▶ MATERIAL PROVIDED
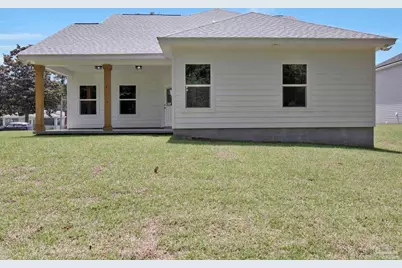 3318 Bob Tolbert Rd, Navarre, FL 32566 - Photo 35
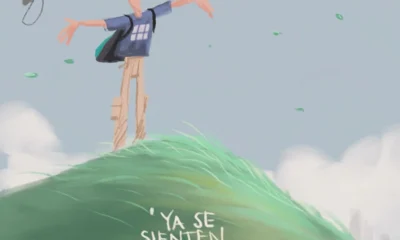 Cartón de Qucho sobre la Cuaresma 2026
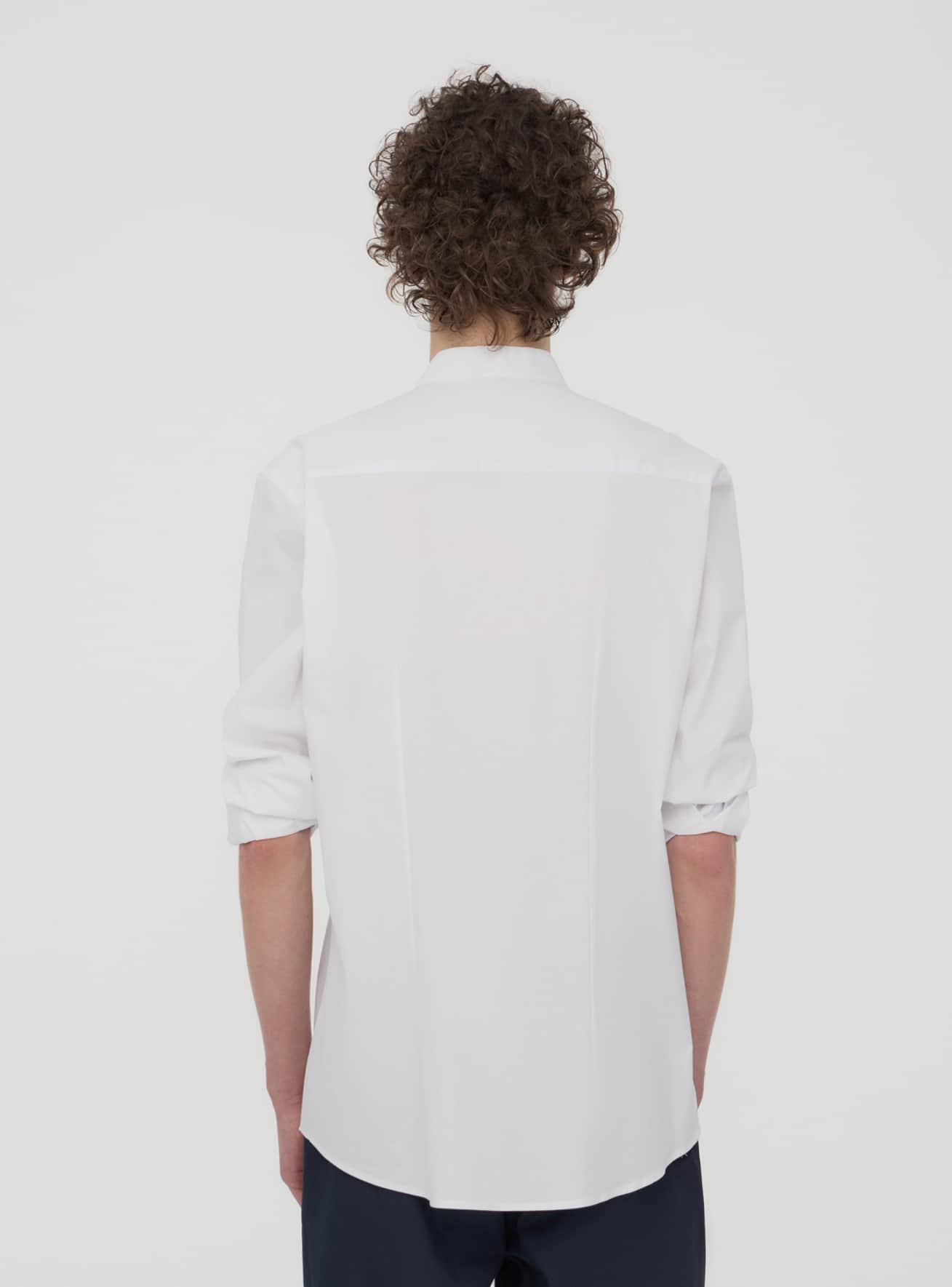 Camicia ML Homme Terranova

▶ WORK INSTRUCTIONS
Copy out the listing word for word and skip its pictures.

▶ OUTPUT BELOW
 3318 Bob Tolbert Rd, Navarre, FL 32566 - Photo 35
 Cartón de Qucho sobre la Cuaresma 2026
 Camicia ML Homme Terranova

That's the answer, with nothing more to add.